In our previous investigation51, we performed the same procedure in interdependent networks, and found that the promotion of cooperation was derived from the species diversity and the enabled equality. In this paper, the lacked species diversity induced by single network leads cooperation to extinction in rule I, which is consistent with our previous findings. We thus provide a deeper understanding of the evolution of cooperation especially from the viewpoint of heterogeneity.

Methods

In the present work, we propose a coevolution model on a L2 square lattice with periodic boundary conditions, where each player located at each node of the network is designated either as a cooperator (C) or defector (D) with equal probability initially. We resort to the weak PDG as a pairwise interaction model. Here, defector yields the temptation T = b while its adjacent player with payoff S = 0 chooses to cooperate, cooperators and defectors can yield the reward R = 1 and the punishment P = 0 when encountering neighbor with the same strategy, whereby 1 < b≤ 2 ensures a proper payoff ranking T > R > P ≥ S9. And such an arrangement can meet all relevant requirements of general PDG.

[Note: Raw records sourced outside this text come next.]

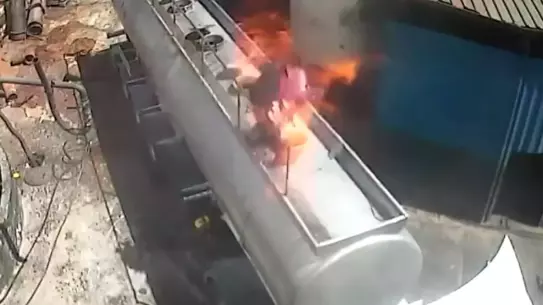 Gaziantep'te Fabrikada Patlama: İşçi Ağır Yaralandı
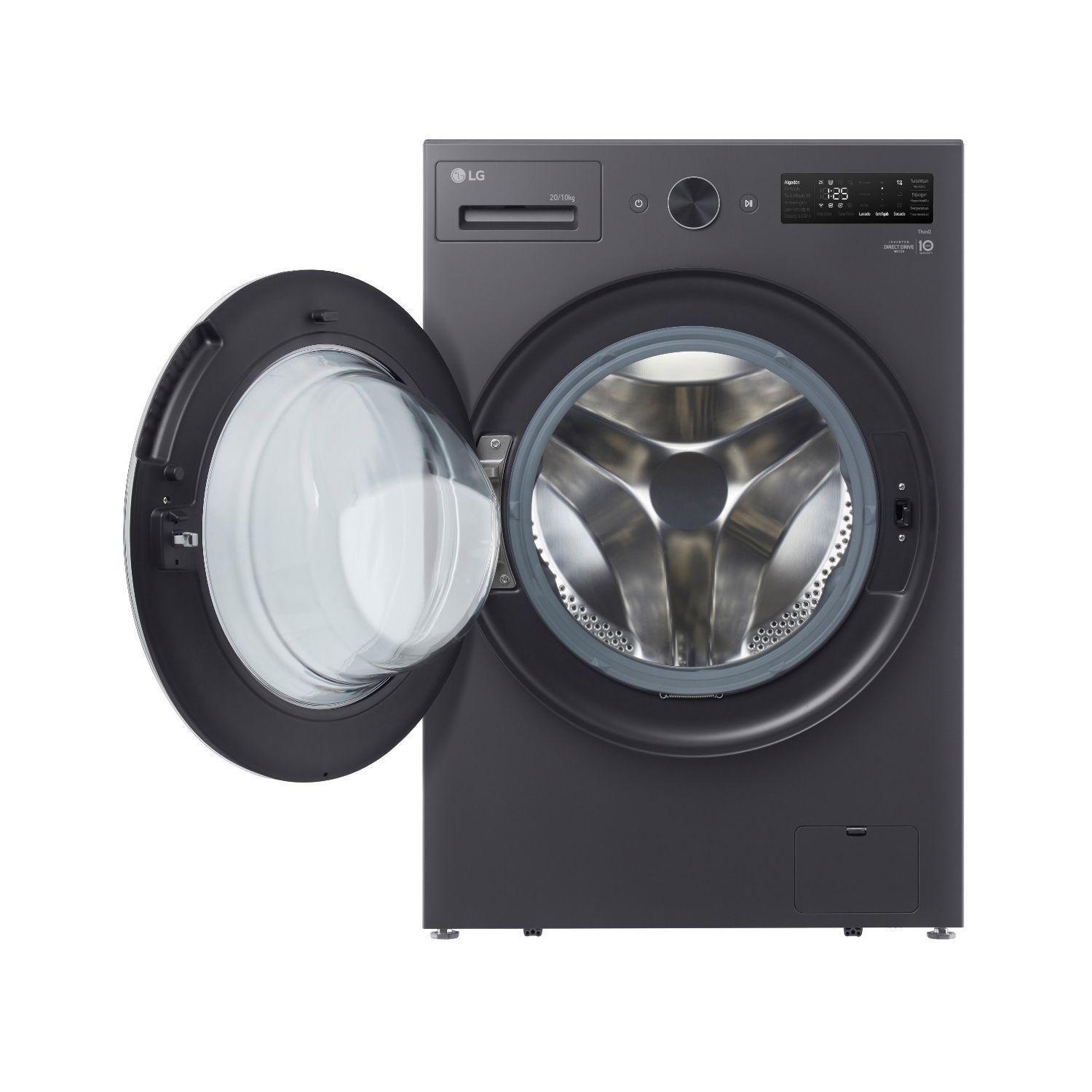 Lavadora Carga Frontal 20kg WM20EGNTSPG LG-3
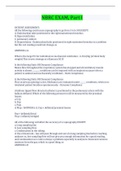 NBRC EXAM&comma; Part I Questions And Answers With Complete Top Solution Rated A&period;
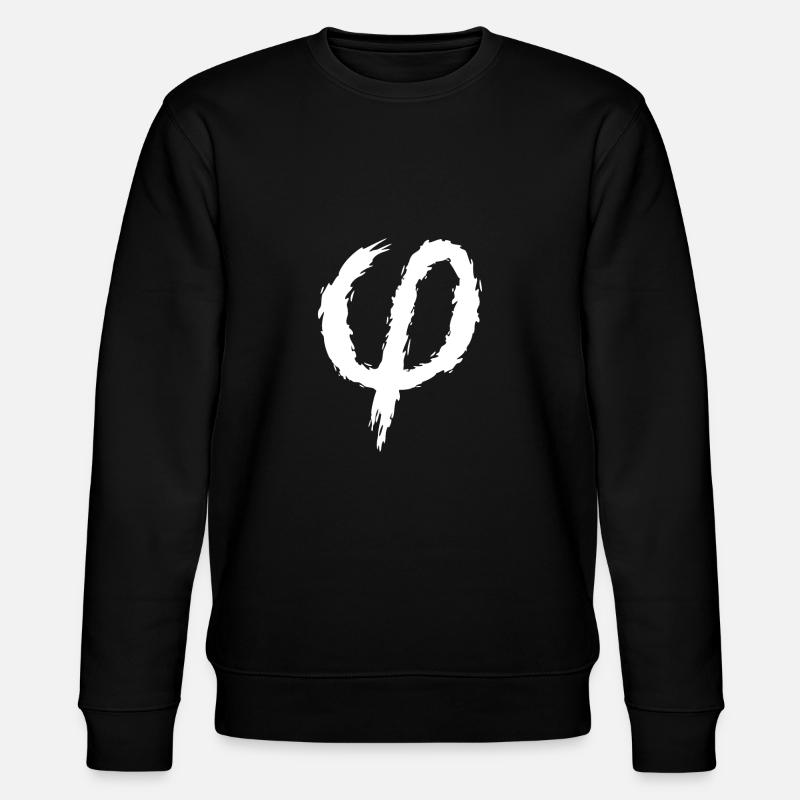 Phi sign icon brush - Stanley/Stella CHANGER Unisex Organic Sweatshirt - black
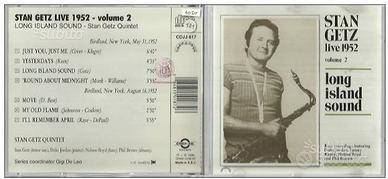 CD: Stan Getz - Live 1952 - Long Island Sound
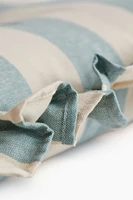 Ruffle-trimmed Cotton Seat Cushion
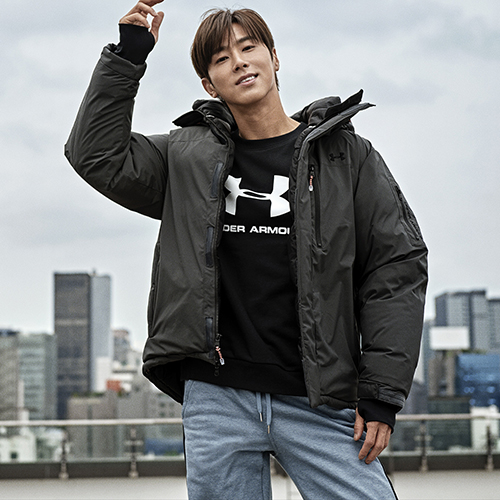  언더아머 패딩 유노락다운 유노윤호 열정 담겼어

Irrespective of the initial strategy, the game iterates in accordance with the Monte Carlo (MC) simulation procedure and comprises the following elementary steps. First, a randomly selected player x acquires its payoff Px by summing payoffs from playing game with its four nearest neighbors. Simultaneously, its neighbors can also acquire their payoffs in the same way. Then player x decides whether to adopt the strategy sy from one randomly selected neighbor y with payoff Py via Fermi function52:

$$W({s}_{y}\to {s}_{x})={w}_{x}\frac{1}{1+\exp [({P}_{x}-{P}_{y})/K]},$$
(1)

where K = 0.1 depicts the uncertainty of strategy adoption53. In general, players with higher payoff are more likely to spread their strategies. Moreover, wx characterizes the strength of learning activity of player x and evolves after strategy adoption procedure at each MC step.

To ensure the fairness of the game, each player is endowed with the maximum learning ability wx = 1 in the beginning. The heterogeneity of learning ability is caused by updating the value of wx with an adjustable factor d (0 ≤ d ≤ 1):

$${w}_{x}=\{\begin{array}{cc}{w}_{x}+d, & {\rm{if}}\,{P}_{x} < {\bar{P}}_{x},\\ {w}_{x}-d, & \,{\rm{if}}\,{P}_{x}\ge {\bar{P}}_{x}.\end{array}$$
(2)

Here, \({\bar{P}}_{x}\) describes the average payoff of the environment in which player x is located, we measure it by function:

$${\bar{P}}_{x}=\frac{{\sum }_{i=1}^{{k}_{x}}\,{P}_{i}}{{k}_{x}},$$
(3)

where Pi denotes the payoff of the i-th neighbor and kx represents the number of neighbors (degree) of the player x. Here, we fix the minimum learning ability wx = 0.1 for avoiding frozen states. Intuitively, our model turns to a classical homogeneous system (traditional version) if d = 0.

One full Monte Carlo (MC) step involves all players having a chance to update their strategy and learning ability on average. The density of cooperation fC reaches its stationary state after a sufficiently long relaxation time within 5 × 104 to 105 full MC steps and is determined by averaging in the last 5 × 103 steps. Depicted results were obtained on populations varied from L = 100 to 400 and were averaged over 20 independent realizations to further improve accuracy.